**Your instructions**
Repeat the entries exactly as they are written.

Records from a dataset:
▶

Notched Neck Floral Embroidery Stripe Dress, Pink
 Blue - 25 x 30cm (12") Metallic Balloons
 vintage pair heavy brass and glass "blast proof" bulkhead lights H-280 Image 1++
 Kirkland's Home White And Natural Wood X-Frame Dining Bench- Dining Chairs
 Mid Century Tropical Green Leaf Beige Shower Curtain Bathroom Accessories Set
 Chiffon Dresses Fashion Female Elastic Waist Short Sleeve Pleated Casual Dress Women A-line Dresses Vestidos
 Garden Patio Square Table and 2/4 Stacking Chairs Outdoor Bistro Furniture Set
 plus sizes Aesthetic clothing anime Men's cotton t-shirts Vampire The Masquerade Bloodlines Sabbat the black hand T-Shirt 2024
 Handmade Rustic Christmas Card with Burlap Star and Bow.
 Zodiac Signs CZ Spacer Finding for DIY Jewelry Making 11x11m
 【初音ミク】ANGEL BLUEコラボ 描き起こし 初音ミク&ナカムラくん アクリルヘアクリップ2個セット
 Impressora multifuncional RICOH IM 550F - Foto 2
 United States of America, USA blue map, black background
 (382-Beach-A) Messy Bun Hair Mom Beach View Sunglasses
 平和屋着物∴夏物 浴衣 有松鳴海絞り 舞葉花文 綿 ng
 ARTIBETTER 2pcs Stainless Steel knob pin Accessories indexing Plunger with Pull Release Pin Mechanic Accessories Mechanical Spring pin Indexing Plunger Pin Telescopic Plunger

◀

**Answer to the exercise**
Notched Neck Floral Embroidery Stripe Dress, Pink
 Blue - 25 x 30cm (12") Metallic Balloons
 vintage pair heavy brass and glass "blast proof" bulkhead lights H-280 Image 1++
 Kirkland's Home White And Natural Wood X-Frame Dining Bench- Dining Chairs
 Mid Century Tropical Green Leaf Beige Shower Curtain Bathroom Accessories Set
 Chiffon Dresses Fashion Female Elastic Waist Short Sleeve Pleated Casual Dress Women A-line Dresses Vestidos
 Garden Patio Square Table and 2/4 Stacking Chairs Outdoor Bistro Furniture Set
 plus sizes Aesthetic clothing anime Men's cotton t-shirts Vampire The Masquerade Bloodlines Sabbat the black hand T-Shirt 2024
 Handmade Rustic Christmas Card with Burlap Star and Bow.
 Zodiac Signs CZ Spacer Finding for DIY Jewelry Making 11x11m
 【初音ミク】ANGEL BLUEコラボ 描き起こし 初音ミク&ナカムラくん アクリルヘアクリップ2個セット
 Impressora multifuncional RICOH IM 550F - Foto 2
 United States of America, USA blue map, black background
 (382-Beach-A) Messy Bun Hair Mom Beach View Sunglasses
 平和屋着物∴夏物 浴衣 有松鳴海絞り 舞葉花文 綿 ng
 ARTIBETTER 2pcs Stainless Steel knob pin Accessories indexing Plunger with Pull Release Pin Mechanic Accessories Mechanical Spring pin Indexing Plunger Pin Telescopic Plunger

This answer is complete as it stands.